Abstract
Mosquitoes act as vectors of numerous pathogens that cause human diseases. Dengue virus (DENV) transmitted by mosquito, Aedes aegypti, is responsible for dengue fever epidemics worldwide with a serious impact on human health. Currently, disease control mainly relies on vector targeted intervention strategies. Therefore, it is imperative to understand the molecular mechanisms underlying the innate immune response of mosquitoes against pathogens. In the present study, the expression profiles of immunity-related genes in the midgut responding to DENV infection by feeding were analyzed by transcriptome and quantitative real-time PCR. The level of Antimicrobial peptides (AMPs) increased seven days post-infection (d.p.i.), which could be induced by the Toll immune pathway. The expression of reactive oxygen species (ROS) genes, including antioxidant genes, such as HPX7, HPX8A, HPX8B, HPX8C were induced at one d.p.i. and peaked again at ten d.p.i. in the midgut.
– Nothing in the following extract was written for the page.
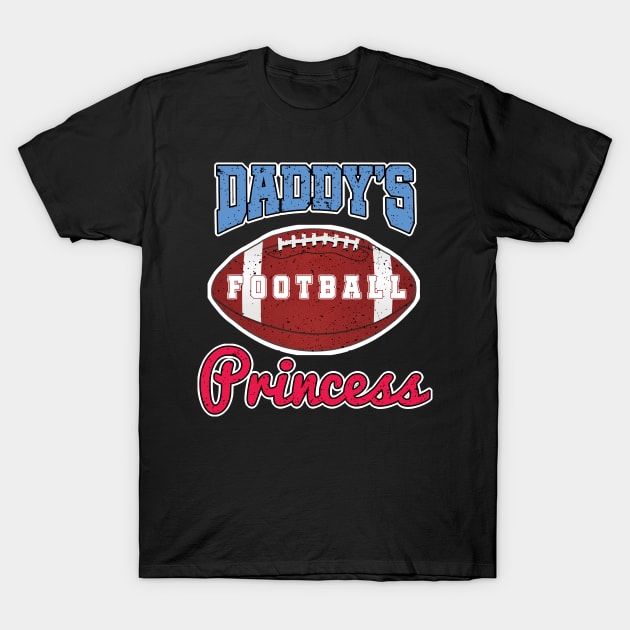 Daddy's Footbal Princess T-Shirt by woormle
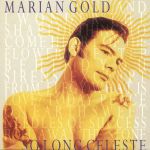 Marian Gold - One step behind you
Interestingly, down-regulation of the antioxidant gene HPX8C by RNA interference led to reduction in the virus titer in the mosquito, probably due to the elevated levels of ROS. Application of a ROS inhibitor and scavenger molecules further established the role of oxygen free radicals in the modulation of the immune response to DENV infection. Overall, our comparative transcriptome analyses provide valuable information about the regulation of immunity related genes in the transmission vector in response to DENV infection. It further allows us to identify novel molecular mechanisms underlying the host-virus interaction, which might aid in the development of novel strategies to control mosquito-borne diseases.
Highlights
Hematophagous vectors such as mosquitoes transmit a variety of harmful infections that cause devastating diseases, such as malaria, dengue fever, and Zika syndrome [1]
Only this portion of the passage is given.